Okay, I didn't JUST step into this world. I saw the Kemper at NAMM a few years ago and thought "oh right, another amp sim", but on closer look, I found it fascinating and I confess I've been using you guys as the incubator/guinea pigs until I knew the KPA was as advertised.
I'm a composer/music editor/engineer/guitarist, but not a gear junky, at least not a new-fangled gear junky. I've been building homemade amps for about 15 years. I have a habit of designing and building new amps and then after a year, out of frustration, I pull them apart to "rebuild them", but every single time I wish I still had that old 8xEL84 I built when I was 22 that kept crapping out on me on tour. So the Kemper is not just an amp and studio tool for me, but also insurance that I'll still have that sound 10 years from now, and that's priceless. Also, I've only had it four days and I'm already inspired to build more, just so I can profile, archive, and share with everyone.

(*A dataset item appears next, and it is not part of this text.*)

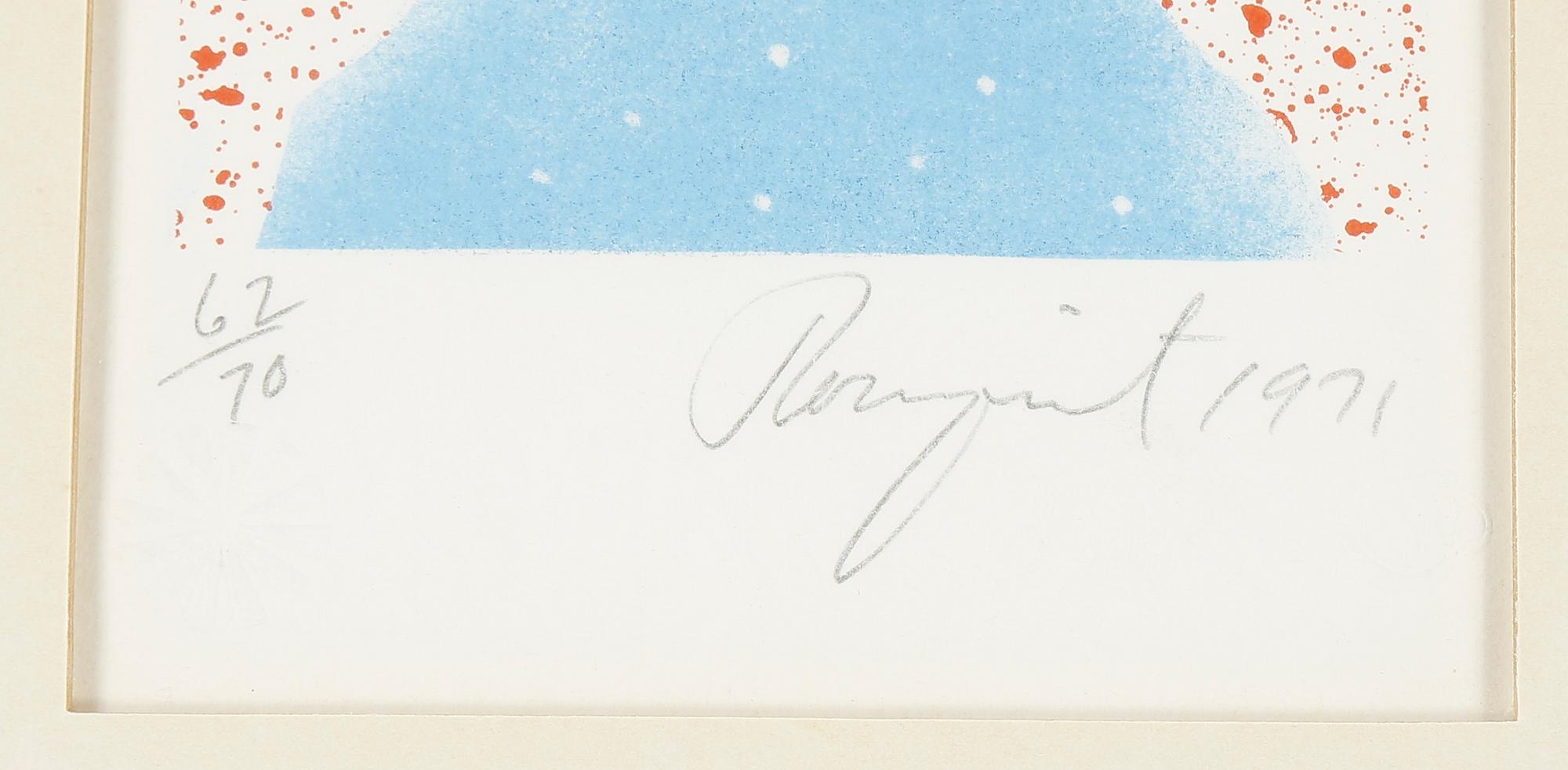JAMES ROSENQUIST, färglitografi, signerad, numrerad 62/70 och daterad 1971.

I expected there to be a steep learning curve, or at least a lot of trial and error with profiling, but the first amp I sent the aliens through I must have hit a bullseye. I actually couldn't believe it. I had to walk to and from the iso booth a couple times to be sure that Mr. Kemper wasn't lying to me. I've had so much fun the last couple days that I had to post here. And that's a testament, because I have a phobia of forums (I seem to always be posting in the wrong place or not searching properly before inquiries).
I was still dubious. I thought maybe the gain and eq controls don't work very faithfully, and, well, they don't! But most of my workbench is covered with single volume minimal tone stack amps anyway, and the first sound I get out of a profile usually sounds right immediately. Once I go tweaking is when things start to get a little weird.
And I was dubious yet still...thinking that maybe this is one of those pieces that sounds great in the box, but probably don't translate so well in the mix. So this evening just for fun I replaced all the guitars from one track with the kemper profiles of the same amps (that I had just profiled in the same room with the same mics). And, as a crusty old tube tech, it was hard to admit that I didn't have to do much mixing at all. All the tones were right there in my face.
The one thing I notice, and maybe you guys can help me with this, is that it seems like the kemper is doing some kind of limiting. When I play lightly, the level is still loud (gain sounds fine), and if I transition into heavier thick power chords the level is the same. It sounds right on playback, but I can even see in the waveform display that I'm not getting much of a fade or swell (i.e. if I gradually play from soft to loud). There might be some sensitivity parameter that I still need to figure out.
It won't replace an amp with a guitarist in the same room; there's just no way to get that nuanced feedback. But for amp-iso situations, which seem standard practice now anyway, it's -- *a-hem* -- perfect. So far. It will be a blessing when the next band comes through to redo guitars. I won't have to give them talk about how the amp won't sound the same because of el nino or because mercury is in retrograde.
Anyway, thanks for welcoming me! I finally may own an amp simulator that doesn't make me throw up a little bit in my mouth. Might have to have to look at an LCD screen from time to time, but I'll live...
Looking forward to sharing some of my frankenstein amp profiles with the unwary. If there are any tinkerers out there like me, please say don't be a stranger.